From the Daily Pfennig: "The U.S. Treasury will auction $162 Billion in securities, with maturities ranging from three months to seven years. $162 Billion Folks! In one week! This supply has got to be choking the foreigners we need to buy it so that our deficit can be financed! When will they do the Roberto Duran, "no mas"? Let's hope it doesn't come to that, but quite frankly I wouldn't blame the buyers if they did back away... Too much of something isn't good..."

Remember the Economic principle of Supply and Demand. When the supply is great, value is usually less. In this case, it would appear to be less attractive to buyers which would lower demand. Of course, the Fed is committed to buying much of the left over with more debt.

From MineWeb.com:

Commodities a buy

The Bank Credit Analyst has upgraded commodities to overweight, with energy at the top of the buy list.

Author: Barry Sergeant
Posted: Monday , 25 May 2009

JOHANNESBURG -

The general pricing level of resources stocks listed around the world has now moved up to the best levels seen since October 2008, as investors and other increasingly search for value, as the global economic crisis increasingly recedes on tickets for speeding, and for speeding against the traffic flow.

For one, strategists at the Bank Credit Analyst have upgraded commodities to overweight, with energy at the top of the buy list. Among the key themes, commodities should benefit from both a weaker dollar, "and a shift in investor portfolio preference toward real assets as a hedge against inflation". The upturn in BCA Research's global leading economic indicators is seen as "another positive sign for the commodity complex".

While supply-demand fundamentals remain idiosyncratic for each commodity, in singling out energy as "top" of the buy list, BCA Research argues that "the rally in oil from the low $30s is technically impressive against the weak global demand backdrop and elevated inventories". Oil prices have touched $62/barrel recently "despite lofty US oil inventories (notwithstanding recent inventory declines) and the fact that Americans are driving much less than last year".

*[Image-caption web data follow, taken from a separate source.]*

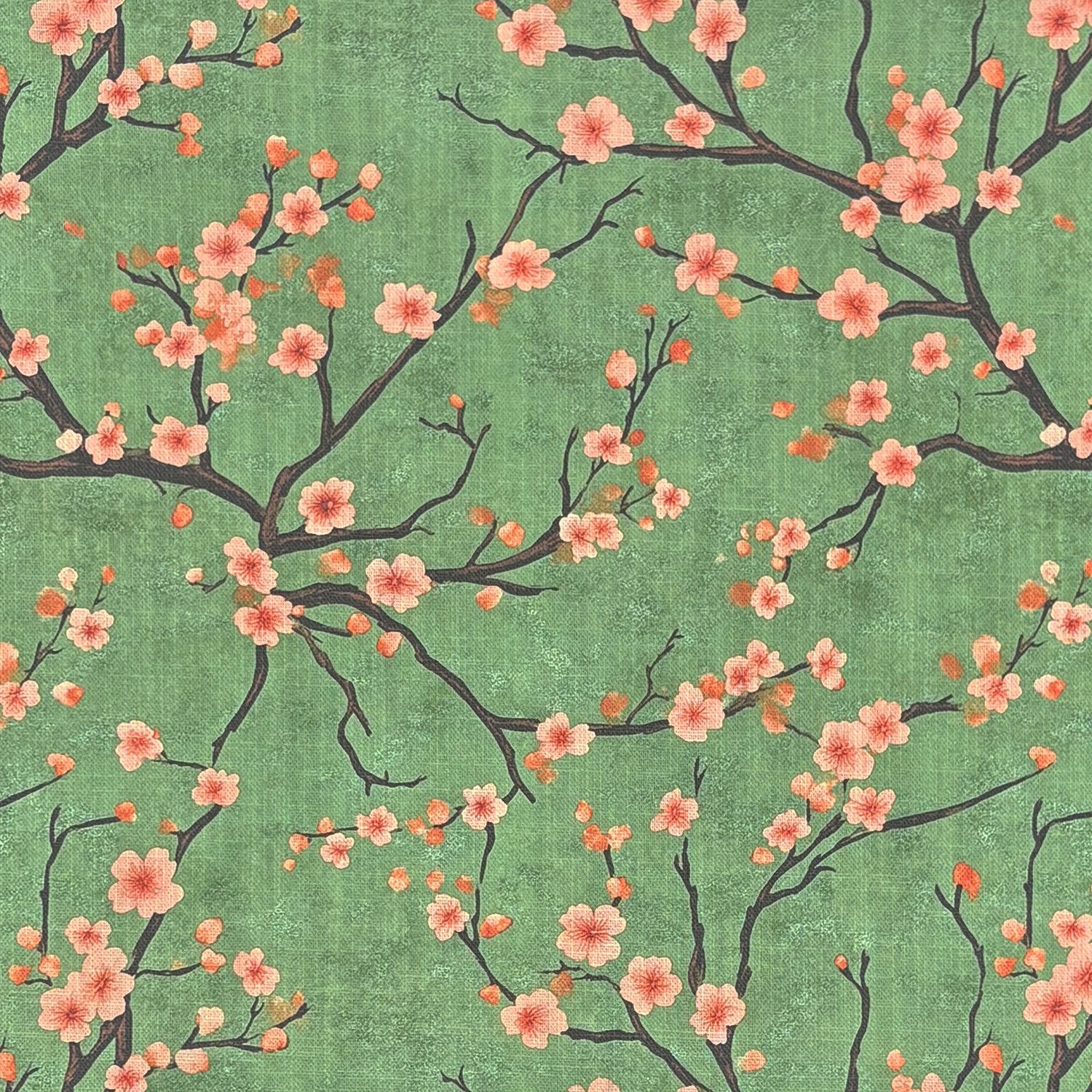 Close-up of Mori No.6 green upholstery fabric with coral floral branches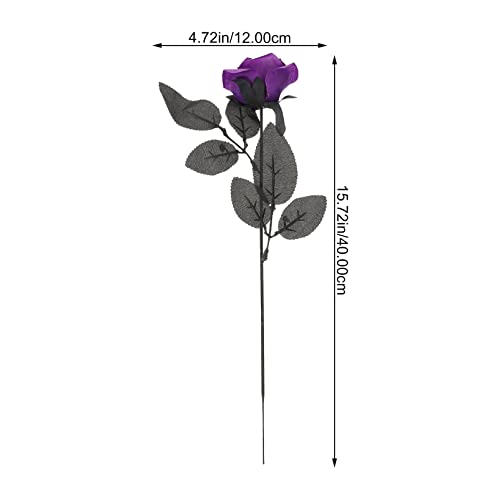 Vaguelly Halloween Flowers 10Pcs Artificial Halloween Rose with Skull Head Black Leaves Faux Silk Rose Picks Flower Stems Rose Flower Bouquet for Halloween Party Haunted House Home, Purple
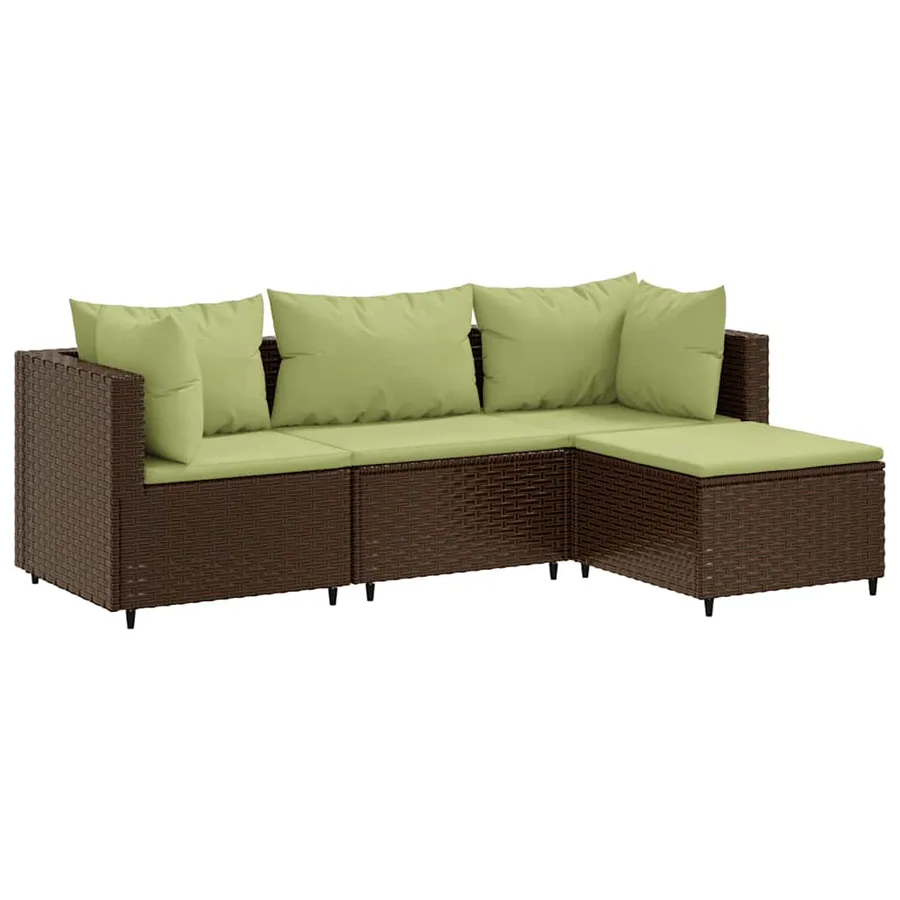 Salon de jardin 4 pcs avec coussins Marron Résine tressée - 2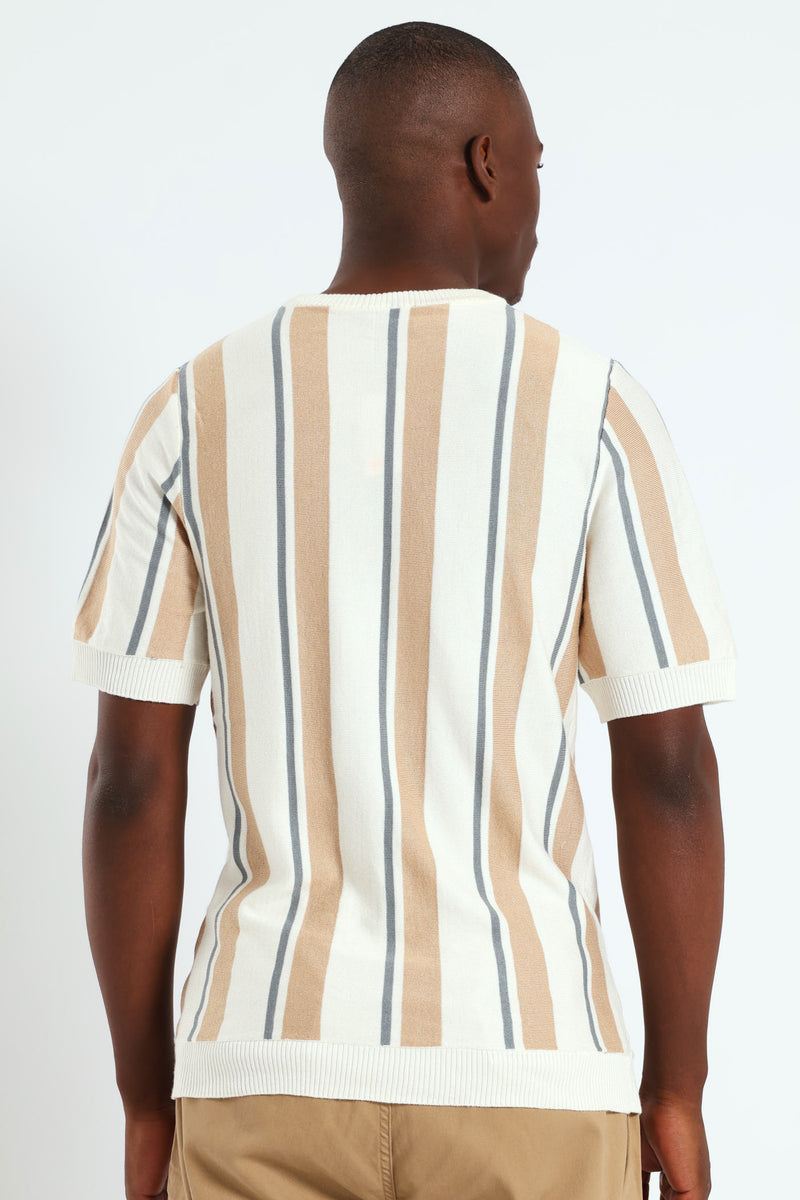 Stripe Knit Fine Gauge Crew Tee - Off White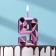 Candle for Cake "Almaz", number "9", purple metallic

The higher price of oil is seen as reflecting in part the upturn in Chinese oil imports and car sales at a time when oil production is lagging. Russia, states BCA Research, "continues to have difficulty boosting output and oil production has been flat for most OPEC countries. Saudi Arabia has cut production sharply". Read it HERE:

When the Bank Credit Analysts speak, we should listen.

From DailyReckoning.com:

Mogambo wrote,"I admit that I did not read the article, but as far as I know, there are only two good reasons to own gold; to preserve wealth when prices are stable, and to make a lot of fiat wealth when your government acts so stupid as to create, or allow to be created, excess money and credit that eventually destroys the currency, especially when undertaken so as to enlarge the size of government, like now, which makes the problem of inflation worse because those more government weenies have a bigger incentive to save their own phony-baloney jobs, but can only make things worse."

Mogambo Guru speaks with straight tongue.

From MondayMorning.com:

As GM Cruises Toward Government Deadline, U.S. Automakers Must Learn to Deal With a Permanently Smaller Market

By William Patalon III
Executive Editor
Money Morning/The Money Map Report

General Motors Corp. (NYSE: GM) is closing in quickly on its June 1 deadline to finish overhauling its operations, or opt for Chapter 11 bankruptcy. Because that deadline is actually one week from yesterday (Monday), analysts and investors will be watching GM closely this week.

No matter which path GM chooses – conventional restructuring or bankruptcy – the U.S. Big Three of GM, Ford Motor Co. (NYSE: F) and Chrysler LLC will have to adjust to the U.S. auto market's post-financial-crisis "new reality." Automakers will sell only 10 million cars and trucks in the U.S. market this year, the worst in at least 30 decades – and roughly 38% less than the 16 million vehicles that were... You can read the full article HERE.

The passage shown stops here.